As shown in FIG. 9, under Comparative Example 1 conditions with no heating by the heating members 20, the molded bodies formed in the cavities 13 varied in weight from 100 to 101.7% relative to weight of the molded body having the lightest weight, with a varying range R of 1.7% and standard deviation σ of 0.559%. It is also noted that the weight tends to increase slowly as the row moves from L1 to L6, conceivably resulting from the cavity on the L1 side decreasing in temperature more than on the L6 side in the mortar-shaped die 19, because the washing device 30 was provided on the L1 side and L1 side cavity was affected more by a wash solution during the washing period.

On the other hand, under Example 1 conditions with heating by the heating members 20, the molded bodies formed in the cavities varied in weight from 100.0 to 101.7% relative to weight of the molded body having the lightest weight, with a varying range R of 1.7% and standard deviation σ of 0.441%, confirming smaller variations than under Comparative Example 1 conditions as shown in FIG. 10. It is considered that this resulted from the reduced wash solution effect, because the L1 side, on which temperature is significantly decreased by the wash solution effect, was heated.

However, the weight tended to increase slowly as the row moves from L1 to L6 even under Example 1 conditions, although to a smaller extent than under Comparative Example 1 conditions.
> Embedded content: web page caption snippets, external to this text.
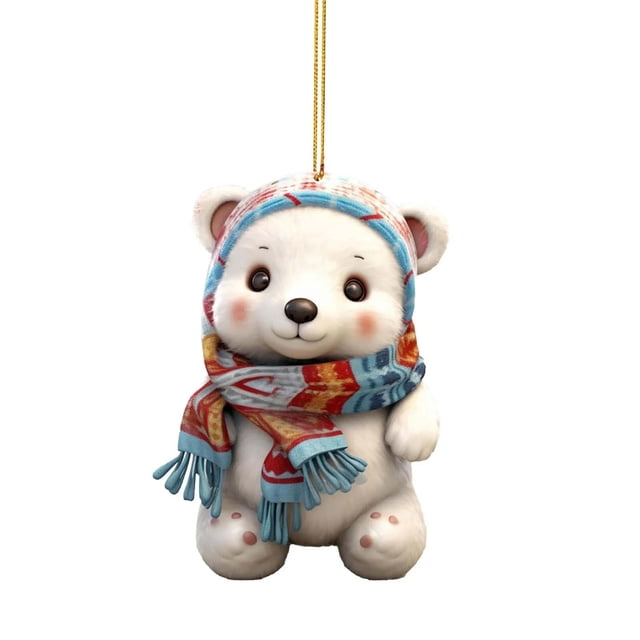 Lindo colgante de oso acrílico con bufanda, divertido oso, decoración navideña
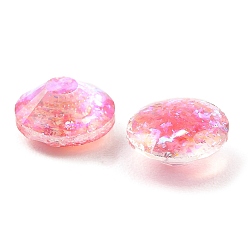Rose Chaud Cabochons en résine imitation opale, cône à facettes, rose chaud, 9x4.5mm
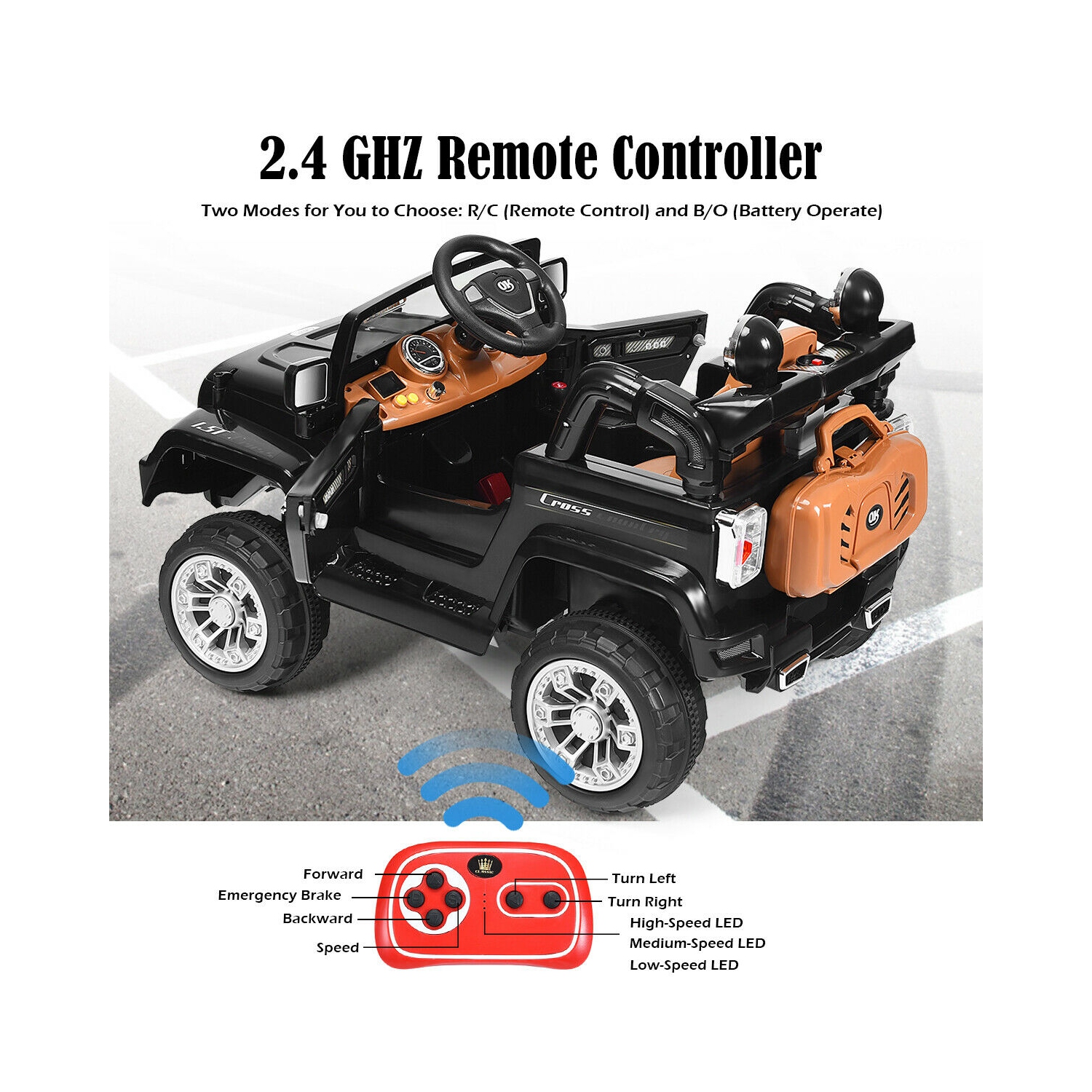 Topbuy 12V Electric Toy Car Kids Ride On Truck w/ RC Remote Control Lights Music MP3 Black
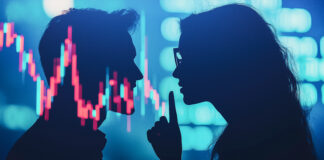 People exchanging secrets against a digital financial background, insider trading concept. Copyright: Imaging L - stock.adobe.com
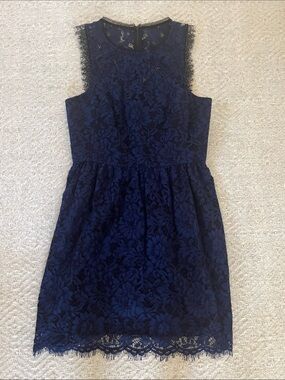Blue and black lace cocktail dress worn once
Therefore, Example 2 conditions were set, under which the magnetic field molding was carried out with temperature increasing by the heater members 20 from H8 side to H1 side, as shown in Table 1. As a result, the molded bodies varied in weight from 100.0 to 101.5% relative to weight of the molded body having the lightest weight, with a varying range R of 1.5% and standard deviation σ of 0.394%. It is apparent, as shown in FIG. 11, that the weight shows no tendency of slowly increasing as the row moves from L1 to L6, with the molded bodies formed on the L1 side, kept at a higher temperature, having a higher weight.

In order to further improve the molding conditions, Example 3 conditions were set, under which the magnetic field molding was carried out with slightly decreasing the temperature of heating members positioned at H1 near the L1 side, which gave the heavier molded bodies under Example 2 conditions, as shown in Table 1.

As a result, the molded bodies varied in weight from 100.0 to 101.0% relative to weight of the molded body having the lightest weight, with a varying range R of 1.0% and standard deviation a of 0.302%, reducing variations and averaging the molded body weight, as shown in FIG. 12.

Based on these results, further improvements can be expected by setting temperature-adjusting conditions more finely by the heater members 20.

The ferrite magnets prepared were tested. The results are given in FIG. 13.

As shown in FIG. 13, Examples 1 to 3 conditions with die heating produced defective products less than Comparative Example 1 conditions with no die heating, where the defective products are characterized by circumferential cracking (a phenomenon in which a molded body is cracked because of insufficient molding density, resulting from insufficient slurry dehydration properties during the molding process), flaking (a phenomenon in which a molded body surface comes off while the body is released from a mortar-shaped die 19, because of insufficient molding density) or black skin (a phenomenon in which a molded body has a size smaller than specified, and cannot be satisfactorily polished and has a insufficient grind left, because of insufficient molding density). In particular, it is confirmed that Examples 2 and 3, carried out under conditions set to have a more uniform temperature distribution in the mortar-shaped die 19, produced essentially no defective products.